▸ **Input data**
--- START ---

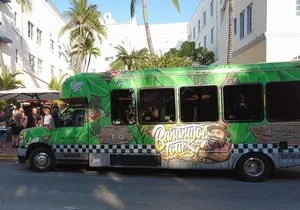 The Official Miami City Tour Small Group Experience with Pickup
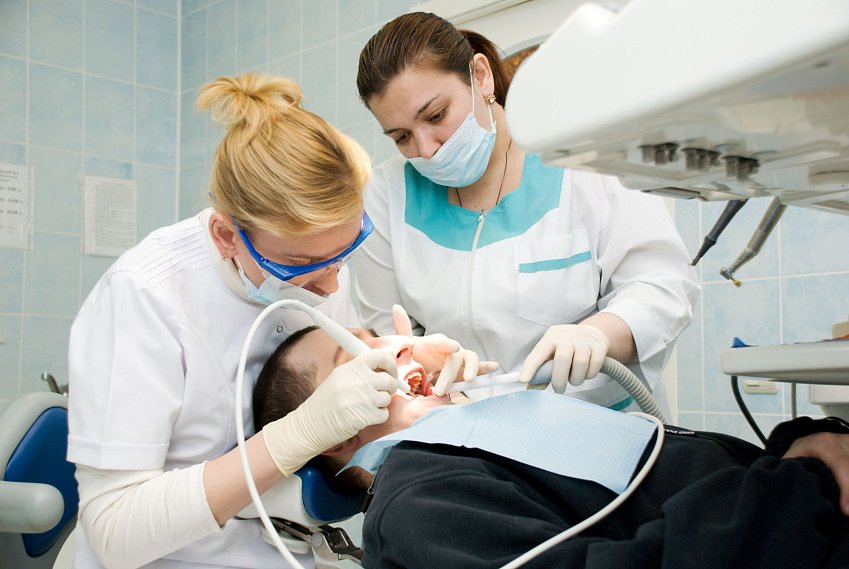 8 сентября в Белгородской области можно будет проверить зубы бесплатно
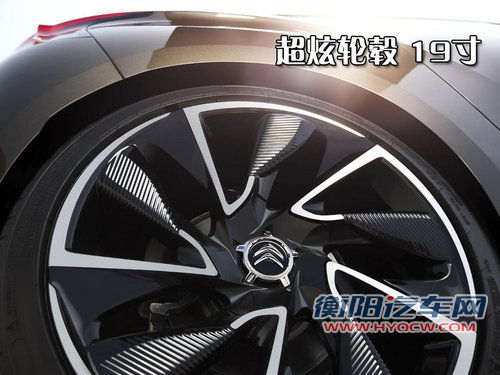 雪铁龙(进口) DS highrider概念车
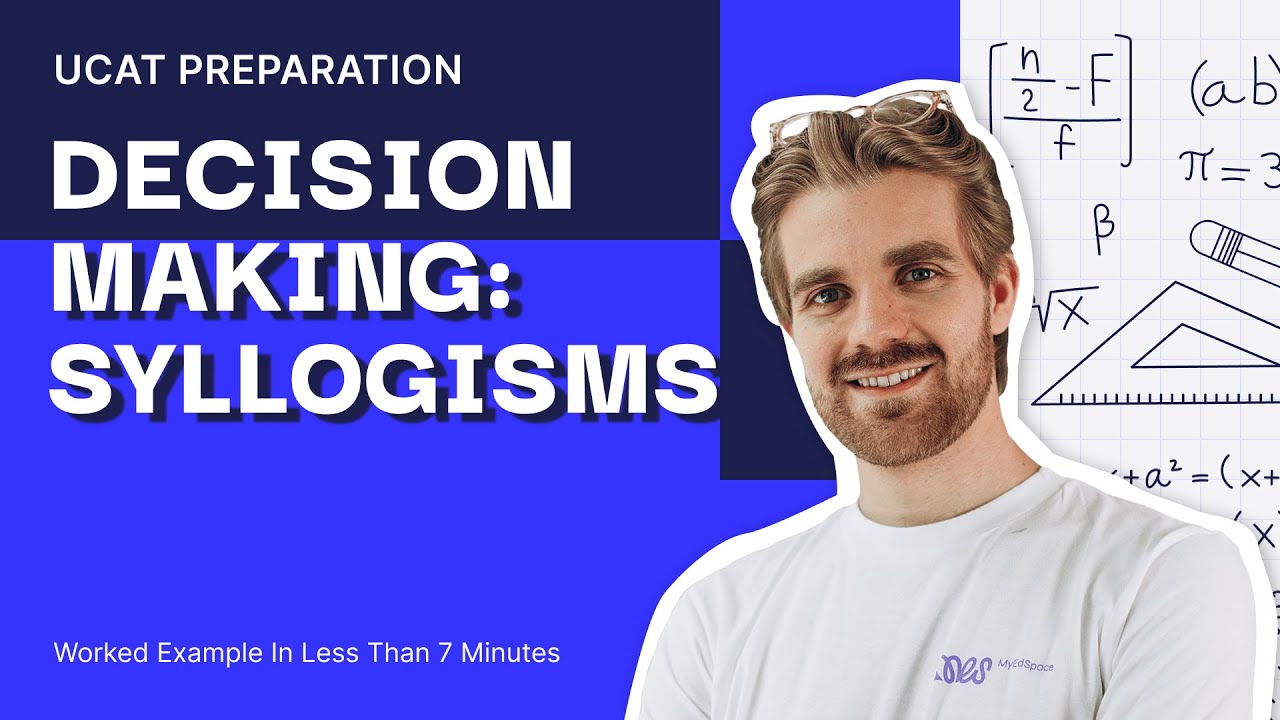 Decision Making: Syllogisms | Worked Examples | UCAT Preparation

--- END ---

▸ **Exercise goal**
Leave the pictures aside and print exactly, and only, the lines from the one with "雪铁龙(进口) DS highrider概念车" through the end of the data, both included.

▸ **Output of the task**
 雪铁龙(进口) DS highrider概念车
 Decision Making: Syllogisms | Worked Examples | UCAT Preparation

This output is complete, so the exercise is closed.